それはアシュリーとルーヴィスしか知らないことのはずだ。アシュリーは誰にも話していないし、いつも側にいる、魔力の高さを隠せとアシュリーに諭したルーヴィスだって話すはずもない。
いや、落ち着けとアシュリーは自分に言い聞かせる。
イアンは魔女の生まれ変わりとしか言っていない。ちゃんと確かめないと。
「どういう意味?」
「魔女サディ」
ひゅっとアシュリーは息を飲んだ。
「疫病の原因を擦り付けられて処刑された、二百年前の魔女だ。お前、その魔女の生まれ変わりなんだろ?」
「どうして」
それを、イアンが知っているのか。
その疑問が顔に出ていたのか。イアンは口元を歪めて嗤った。
「やっぱり、そうなんだな。高い魔力を持っていたせいで、冤罪をかけられて処刑された魔女。こんなことをするのは復讐のつもりか?」
「え……?」
さっきから理解の追い付かないアシュリーは、またしても何を言われたかわからなかった。

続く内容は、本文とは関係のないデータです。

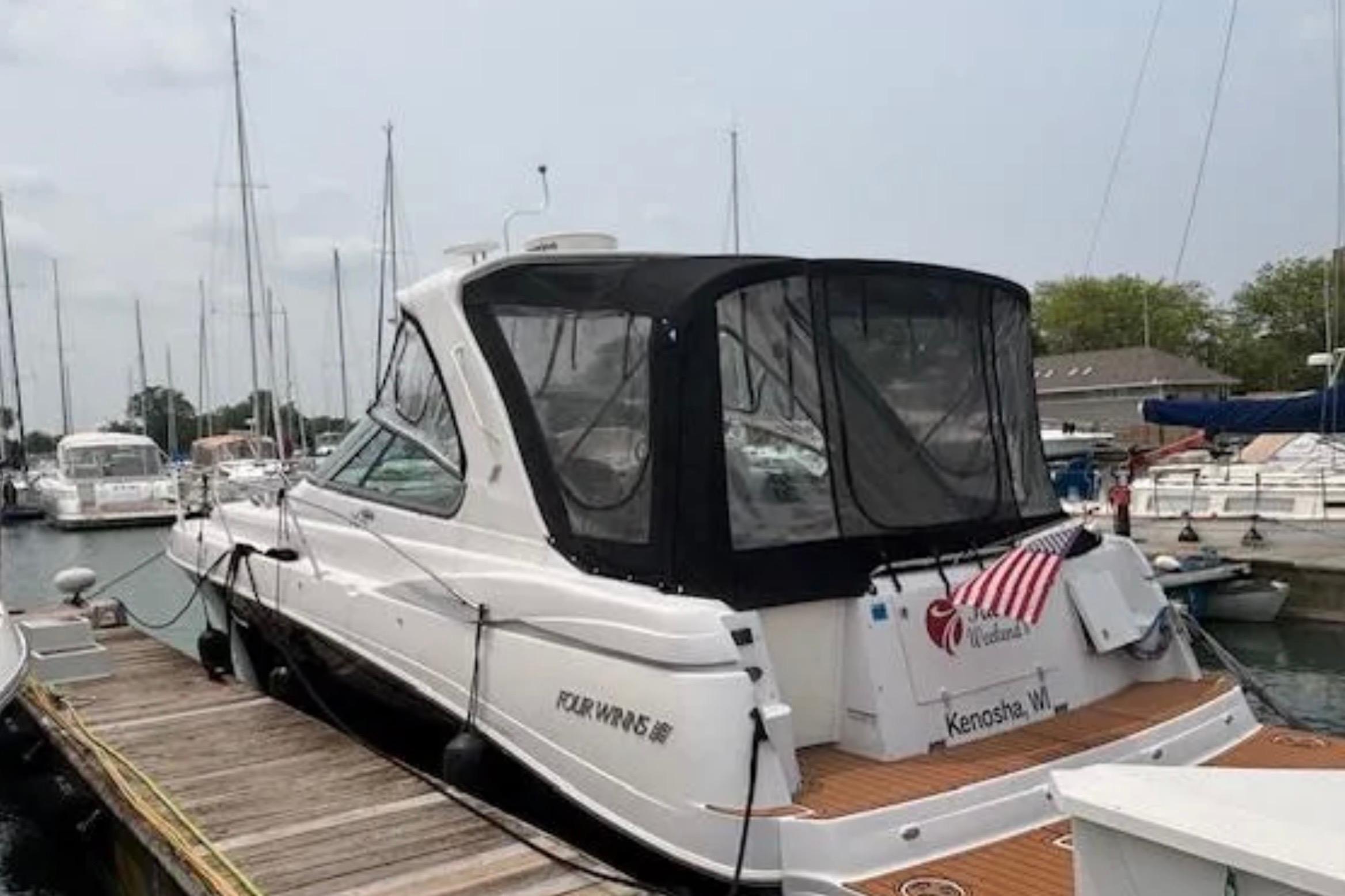 2007 Four Winns 378 Vista yacht docked at a marina with American flag.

「でも、こんなことしても、あんたを貶めた人間は皆もう死んでいるんだ。復讐なんて逆恨み以外の何でもないんだよ」
「ま、待って、待ってよイアン!」
とんでもない方向へ向かっていく話を、アシュリーは慌てて遮った。
「待って、わたしはサディの生まれ変わりなのかもしれないけど、でも、その時の記憶なんてなくて、いや夢で見たから少しは知っているんだけど、でも同じ人間じゃないし、逆恨みなんてしていない。復讐するつもりだってないよ。何でそんなことになっているの。わたしは何にもしてないよ」
とにかく否定しなければという思いが先走って、アシュリーはサディの生まれ変わりであることを認めてしまった。しかしそれも仕方がないことだった。アシュリーはもう、混乱の極みにいた。
「なんでイアンがそんなこと知っているの?」
イアンはアシュリーの言い分を頭から疑うような視線を向けた後、得意げに言い放った。